Before this trial I thought Clarence Thomas set the bar particularly low to becoming a federal judge with his profound lack of judicial acumen, but Illston certainly met the challenge.

 

For those who insist that Bonds has never tested positive for anything, they are conveniently forgetting that his was one of the names released in the Mitchell Report as having tested positive (for THG) in MLB’s first survey testing, and he tested positive for amphetamines in 2006 (the first year in which MLB began testing for them) which was later reported in January of 2007. Under the rules of that time, no suspensions were handed out for a first positive test for amphetamines. Incidentally, Bonds blamed his team mate Mark Sweeney, saying it was something he took from Sweeney’s locker.

 

So here it is in a nutshell, so that there is no confusion:

 

1)      Bonds admitted to using steroids under oath.

2)      He has tested positive for both steroids and amphetamines.

3)      He was the subject of a trial over whether he lied about knowing he was taking the drugs he tested positive for.

4)      The judge in the trial basically threw out all the evidence against him.

5)      Despite this, he still wasn’t found not guilty.
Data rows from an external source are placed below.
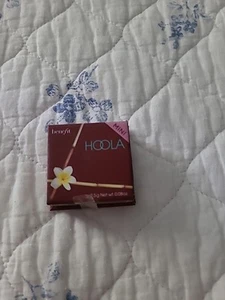 Neu Benefit Glow Hoola Broozer Mini 2,5g/0,08oz - Bild 1 von 2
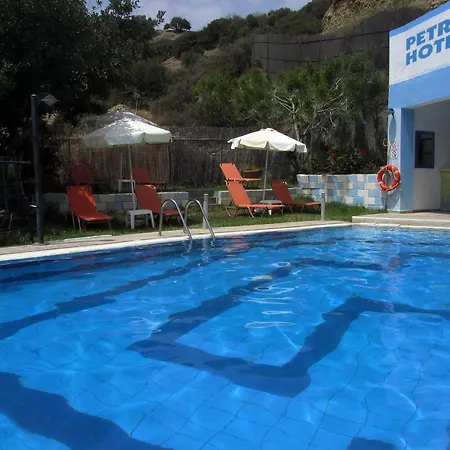 Petra Hotel Agia Galini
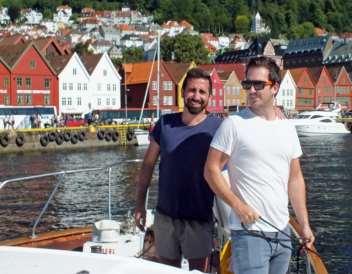 Magnus er med morfar og henter kompisen Rune Payan på Vigra om kvelden (Rune er kurder, «omdøpt» av fotballvenner). Anne og jeg har pubkveld denne siste kvelden som vi har sammen på denne båtturen.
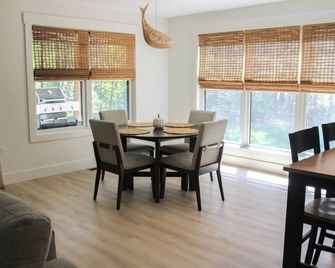 River’s Edge Retreat – A Cozy Home for Families & Friends - Fryeburg - Spisestue
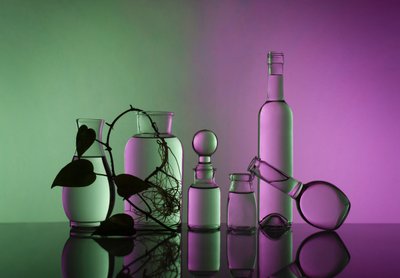 Botánica en cristal verde y morado de Margareth Perfoncio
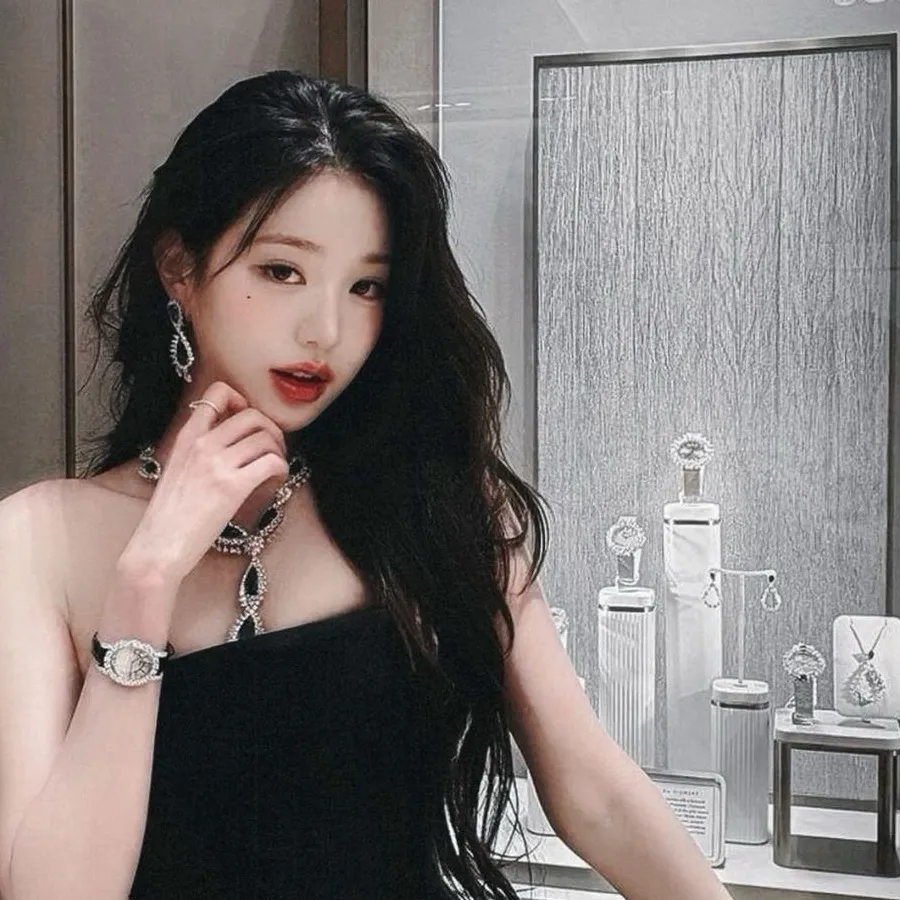 chat with ai character: Blackpink 5 member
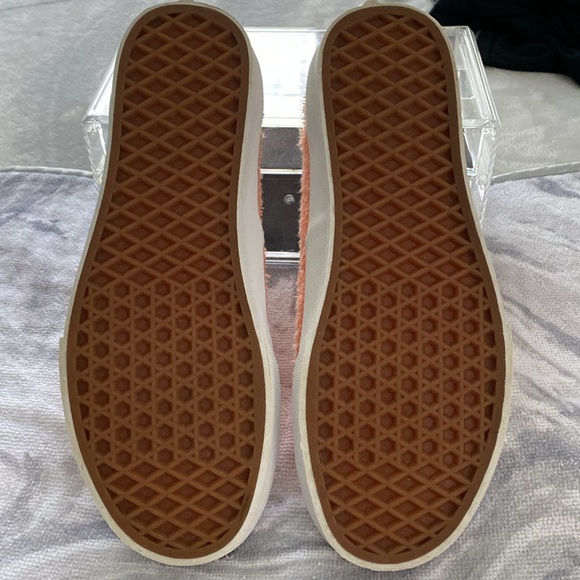 Women’s Rare, Authentic, Tropical Peach, Terry cloth Van’s. - Picture 5 of 5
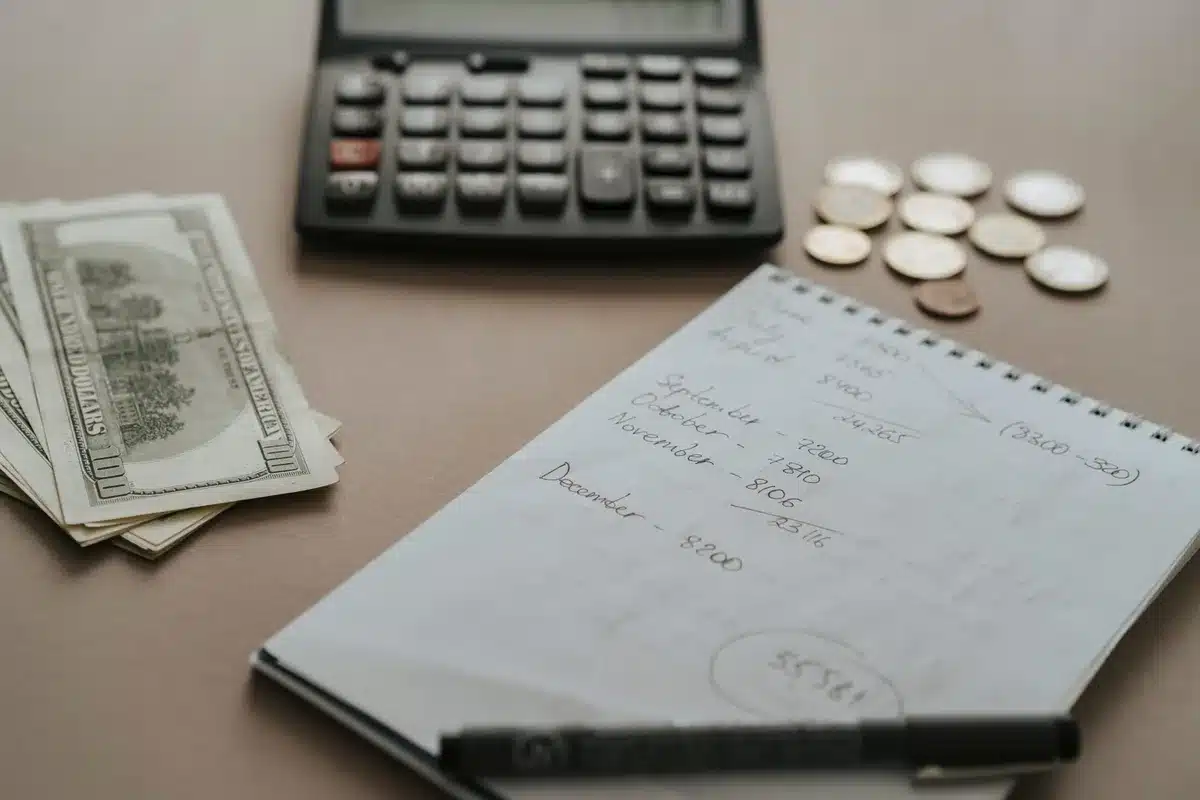 Carnet de voyage avec calculs de budget et liste de dépenses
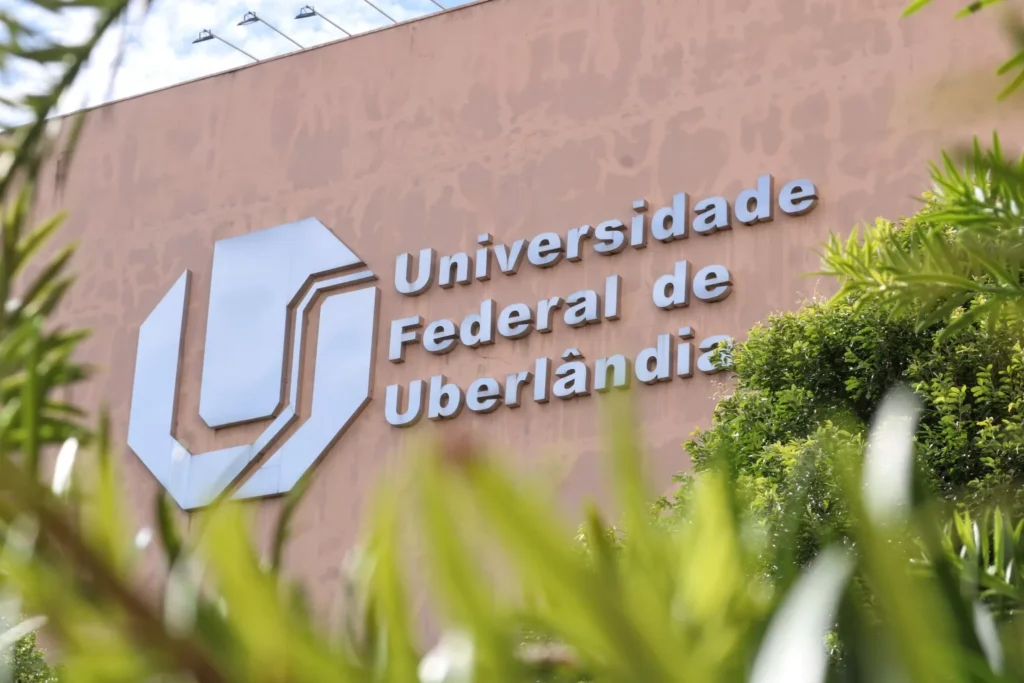 UFU define diretrizes sobre educação a distância em cursos de graduação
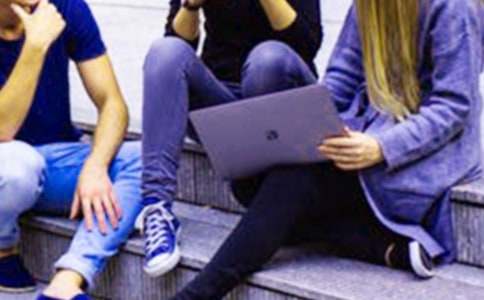 ��W�����е��t�W���}-Փ��W���еİ��̲�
He was found guilty of obstruction (later upheld on appeal, then appealed again where it was overturned). On the perjury counts it was declared a mistrial because the jurors were deadlocked, although on one count the vote was 11-1 in favor of a guilty verdict.

 

For those that say Bonds was nothing more than the victim of a witch hunt regarding his PED use, I would reply that the witches didn’t do what they were accused of; Bonds did. Neither was Bonds a victim of institutionalized racism. He was the spokesman for a company that provided steroids to Olympic athletes (another fact that is not in dispute), and he openly challenged the media on numerous occasions. One doesn’t have to be a high-profiled athlete to understand that if you do that you will eventually attract unwanted attention; and if laws were broken, government involvement.  

 

Say what you will about the greatness of his performance and records. That will be the subject of many debates for years to come. What there should be no debate about is that Bonds used steroids and amphetamines. Here’s the greatest irony: Bonds tested positive for nandrolone and methenelone in 2000, and again in 2001, then tested positive for THG and clomid in 2003 and then again for amphetamines in 2006, making Bonds the record holder for most positive tests for PEDs in history. Major League Baseball has instituted a lifetime ban for any player who tests positive for PEDs three times. So what is it for seven?